_GOAL OF THE EXERCISE_. Everything from the "Le Chic Jurk SIMAR C508-5826 - Maat 140" line to the final line of the listing should be written out exactly. Skip the pictures.

_RECORDED INFORMATION_.
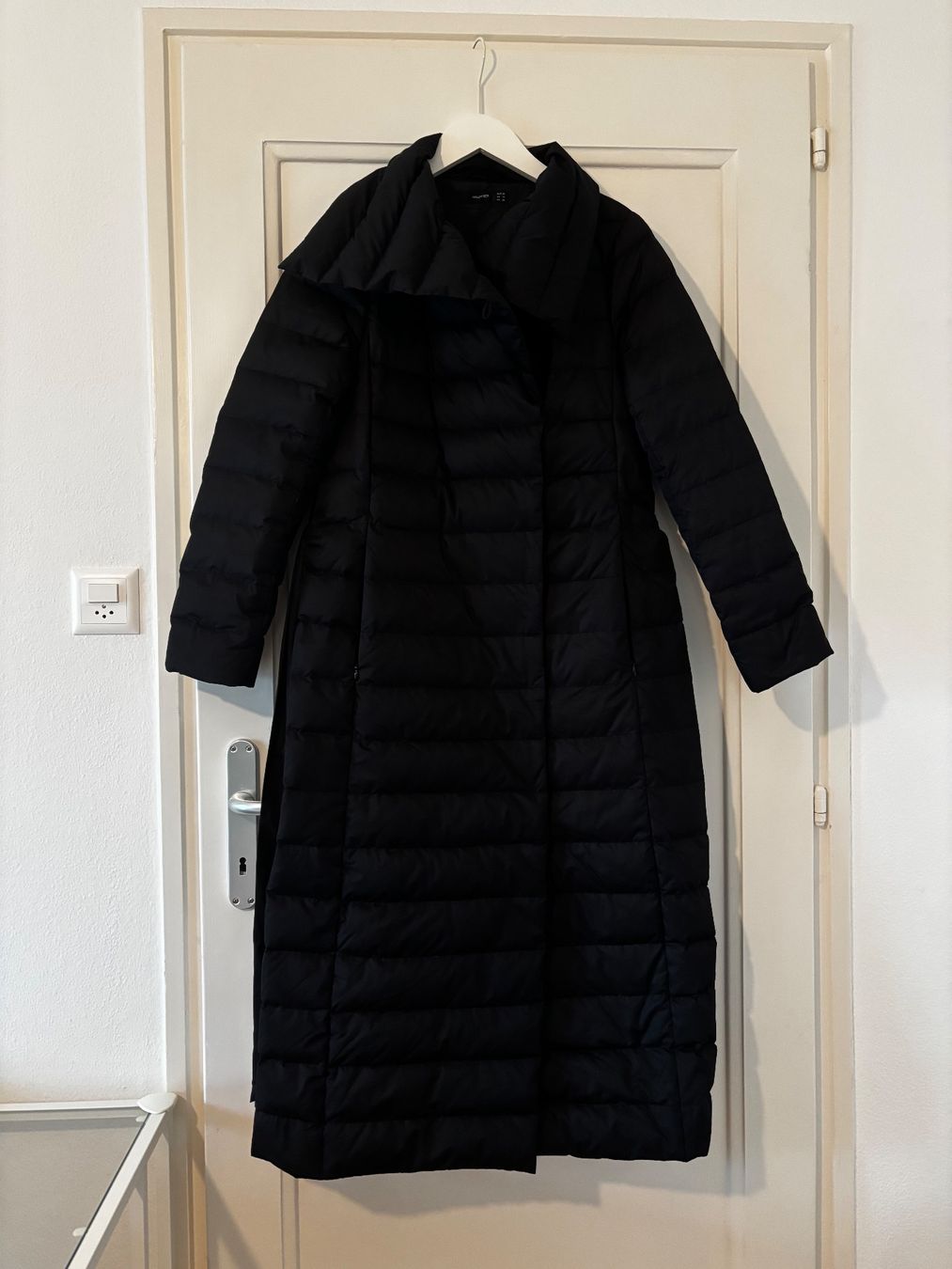 Hallhuber Manteaux: Hallhuber down feather coat - size 38 – D'occasion à Cully par Maar_K 2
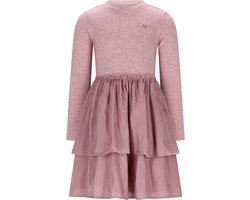 Le Chic Jurk SIMAR C508-5826 - Maat 140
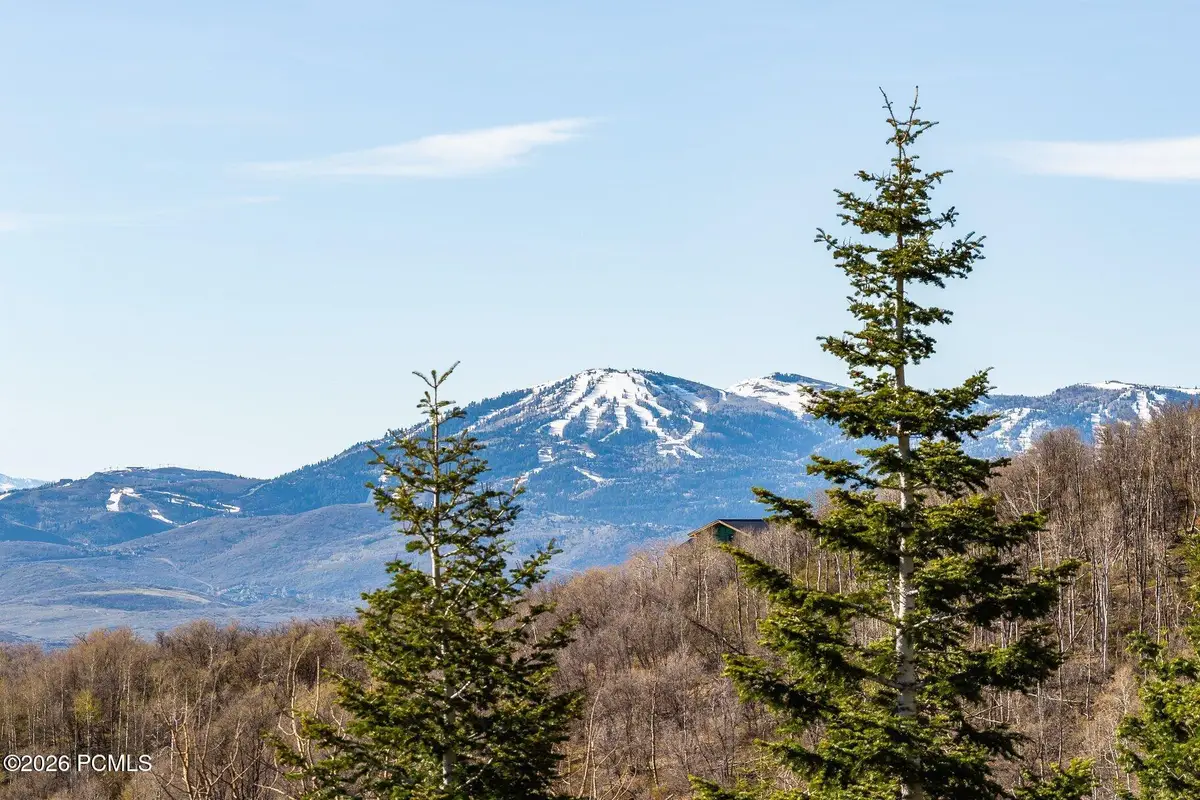 10135 N Kimball Canyon Road, Park City, UT 84098 - #1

_SOLVED EXERCISE_.
 Le Chic Jurk SIMAR C508-5826 - Maat 140
 10135 N Kimball Canyon Road, Park City, UT 84098 - #1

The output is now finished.